若是有那目力超群的人仔细去看,不难发现,那马上之人的手紧紧攒住套在马脖子上的缰绳,用力到指尖都开始发白,身上的伤口也因为马上的不断颠簸而开裂起来,越裂越大。
那人因身着黑衣,后背上的鲜血流出来浸染到衣裳上,丝毫不显,看不出一点异常,但他胳膊上的伤口流出来了的血,正在一点一滴地往下滑,把缰绳都染红了。
那人一开始还能感受到身上伤口传来源源不绝的疼痛,可一路下来,他似乎已经麻木了,身上像是没有了知觉一般,只知道惯性地拿马鞭一甩马屁股,鞭打着马儿快点往前走。
他的眼中心中只有前方,那人撑着口中最后一口气,终于进入了南斗宫的地界。望着眼前熟悉的景物,他终于安心地闭上眼,昏睡过去。
那马儿似乎极通人性,感受到背上之人的状况,仰天发出一声悲鸣。
南斗宫的巡逻之人自然听到了这一声悲鸣,也发现了外围情况的异常,立马分出人手前去查看。

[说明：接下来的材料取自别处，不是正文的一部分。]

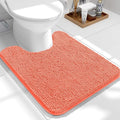OLANLY Toilet Rugs U-Shaped 24x20, Extra Soft Absorbent Chenille Contour Bathroom Rugs for Toilet, Dry Quickly, Machine Washable, Non-Slip Bath Mat, Coral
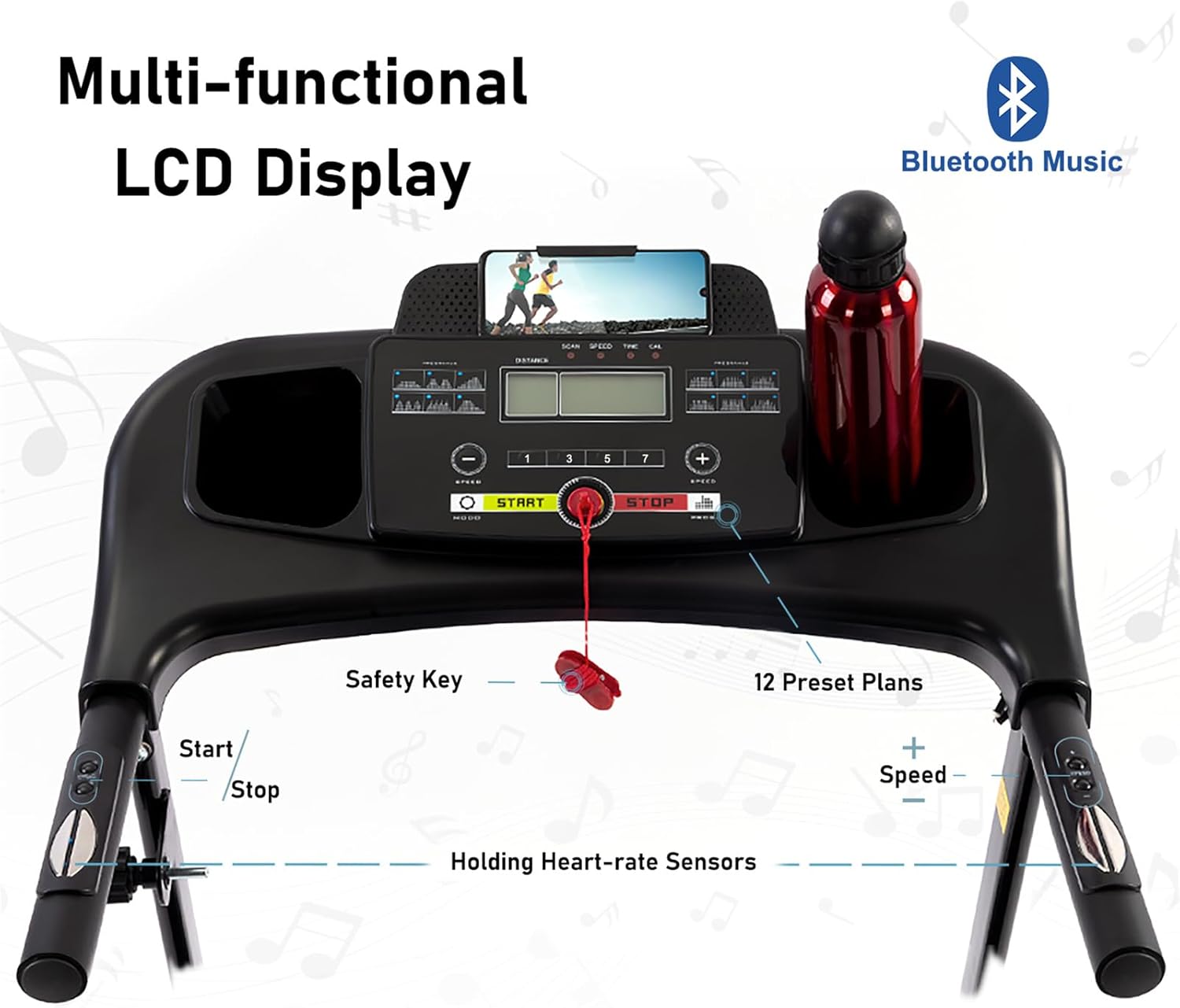 Folding Treadmill with Incline 2.5HP 12KM/H Electric Treadmill B5014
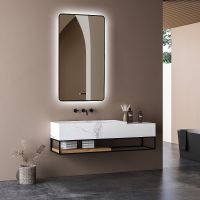 Зеркало Abber See 60 с подсветкой Черное с бесконтактным выключателем с диммером с подогревом и часами арт-AG6114SWHB — фото 2, Зеркала в ванную комнату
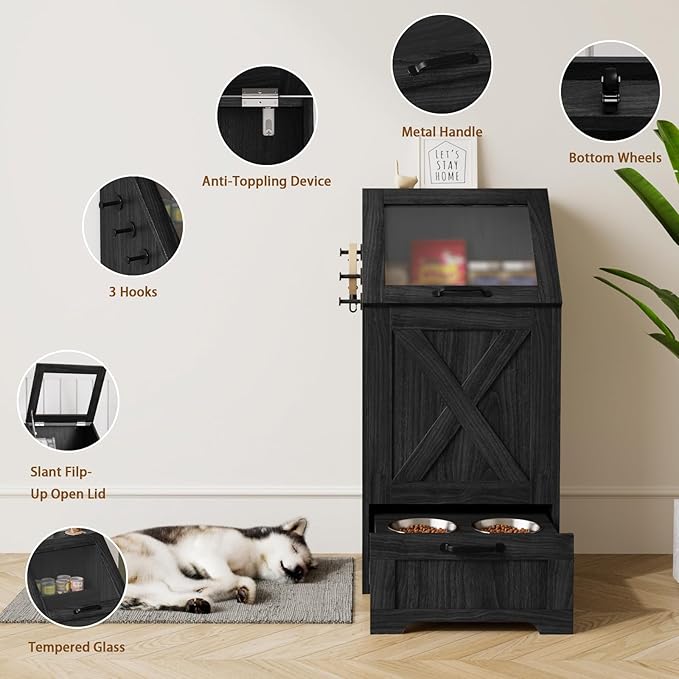 Dog Feeding Station,Dog Food Storage Cabinet,Pet Feeding Station with 2 Elevated Bowls,Hidden Pet Feeder Station with Hooks,Flip Top Pet Storage Organizer for Water,Feeding (Black)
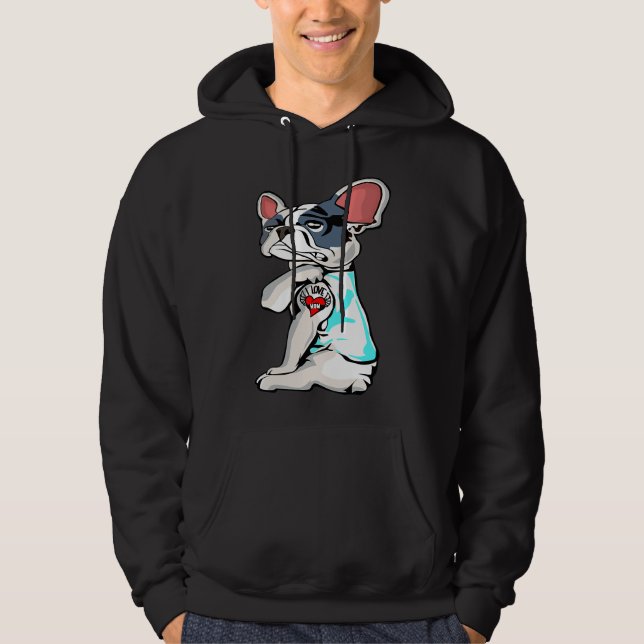 Sudadera Boston Terrier I Love Mom Tattoo (Anverso)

一行人拔剑出鞘,小心翼翼地向那一人一骑包围过去,利剑挡在身前,生怕马上那人暴起,突然袭击他们。
那马儿极有灵性,见这么多人执剑相对,虽然暴躁地不停用前蹄蹭着地面,但始终没做出攻击的动作,只是一直用铜铃一般大小的眼睛看着众人,眼眸中似乎有泪水滑落,像是在恳求众人。
马上之人已经晕在了马背上,众人看不清他的脸,还在做着试探,用剑尖抵着,询问道,“敢问阁下是哪路人马,来我南斗宫,还请报上名来。”
无人应答,只有马儿发出了一个响鼻。
另一人小声说道,“人像是晕了,你问这么多有什么用?”
先前问话的那人不服气,反驳道,“谁知道他是真晕假晕,万一咱们都靠过去了,他洒点毒药粉挥出个暗器什么的,咱们都得中招,到时候就晚了。”
马儿似乎感受到背上之人的呼吸越来越微弱,急得在原地打转。突然,一个木牌从那人身上掉落。
那个木牌吸引了众人的目光,数道视线紧紧地贴在那道木牌上,像是要把那木牌看出朵花来。
忽然,一人道,“这是南斗宫的腰牌!这人不会是?”
众人面面相觑,一人也道,“近日只有宫主和云修出去了,这人不是宫主带出去的人,就是云修带出去的人。”
“那还傻站着做什么?”一人喝道。
众人顿时如梦初醒一般,赶紧上前把人从马上抱下。南斗宫里的人众多,不可能每一个人都互相认识,他们在外守备,自然更要慎之又慎,以防有人意图不轨潜入宫内。
他们一开始不知道这是南斗宫的人,所以才这般警惕,现下知道了他是南斗宫的人,便立刻搭手相救了。
摸到那人身后的衣裳时,只觉得手感十分异常,衣料有点硬,但又能感觉到黏稠的湿意。
衣料发硬是因为鲜血浸染到衣裳上已经凝固了,还能感觉到湿意则是因为崩裂的伤口还在源源不断地出血。
巡逻众人把手放在那人鼻下试探鼻息,已极其微弱,立马道,“去请郎中。”然后运起轻功,健步如飞,把人背进宫内。
随同宫主或者云修出去的人,现在中伤归来,众人心中都涌起一股不好的预感,两人必定是在外出事了,不然手下的人马怎会伤痕累累地回来,他们现在只盼望这人能迅速地醒过来,告诉他们到底发生了何事。
一人问郎中,“有何办法能让他立刻醒来?”
郎中沉思了一会,从药箱中取出银针,迅速扎向他天灵盖上的几处大穴,刺激他醒来。
果然,片刻之后,那人悠悠转醒,也没顾得上看他现在身处何地,开口就是,“云修和任长行受伤了,快去”话还未说完,那人又晕了过去。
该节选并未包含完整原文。